Through which component we can assign id's to Department,Vertical,Floor etc.?
1 , Test1 , HR , BFS , 2nd Floor
2 , Test2 , Finance , Healthcare , 3rd Floor
We want like
1 , Test1 , 1 , 1 , 2
2 , Test2 , 2 , 3 , 3
and different tables for the 3 fields .For reference as below :
Department Id Department Name
Here is my proposal for your case:
I replace CSV file by tFixedFlowInput for the test with fixed values.
Here is the configuration for this component:
1st step, I used a tMap to separate the values for fields Department, Vertical and Floor:
After the values has been separated, I get unique values using the tUniqRow and then and a sequence number for each values of each field and the result is stored into 3 separated tables (tHashOutput). Here is the first tMap, other components for this step are quite simples:
Be careful for the 2 others tMap to change the sequence name (for example use "v" for Vertical and "f" for "Floor").
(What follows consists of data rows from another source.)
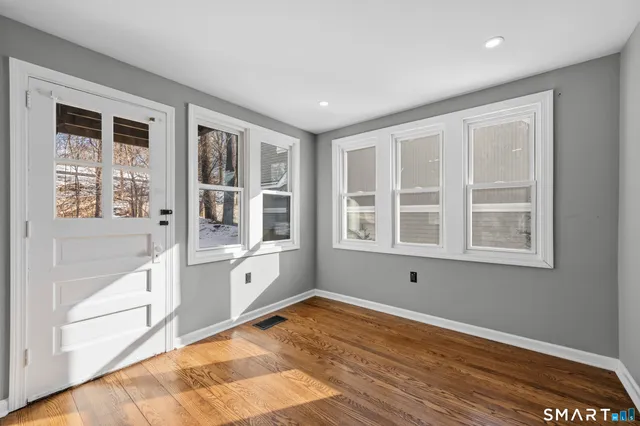 $2,400 | 33 Maple Street, Glastonbury, CT 06033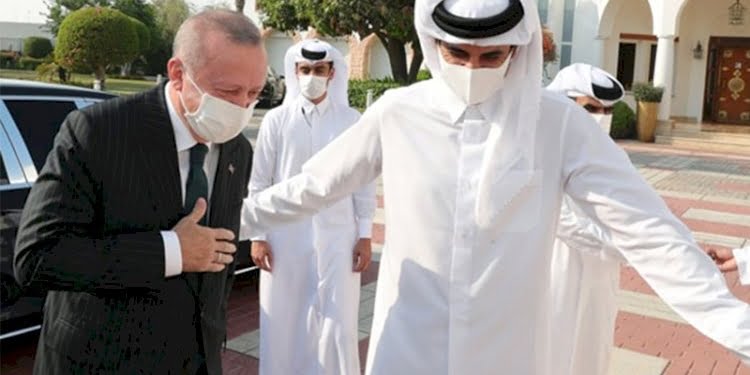 CHP’li Öztrak: Dolar ne zaman TL karşısında rekorlar kırmaya başlasa, Erdoğan soluğu Katar’da alıyor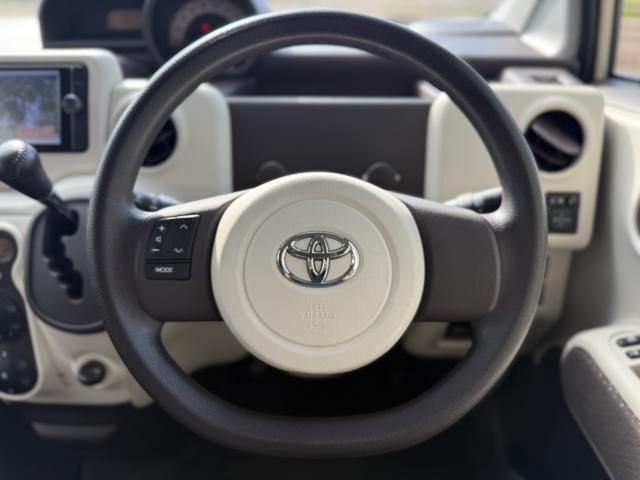TOYOTA PORTE 2013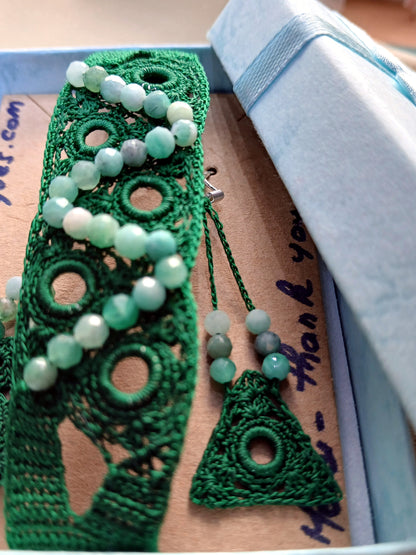 Ensemble Pétronille vert  perles d'émeraudes facétées fait main France crochet artisanal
Now we got our 3 separated tables, so we can start with the 2nd subjob to replace names by id for the 3 fields.
For that I use again the same tFixedFlowInput as for 1st subjob (change for a delimited file if you prefer).
The content goes to tMap as the main flow and the 3 tables (tHashInput) are used as lookups.
Here is the tMap with 3 inner join based on the names to get the ids:
You just have the 1st inner join on the capture but the 2 others are the same (except they use Vertical and Floor field instead of Department).
Be careful to declare all ids as integer (as they come from the sequences).
Finally, the result goes to the console using tLogRow:
Hope this helps.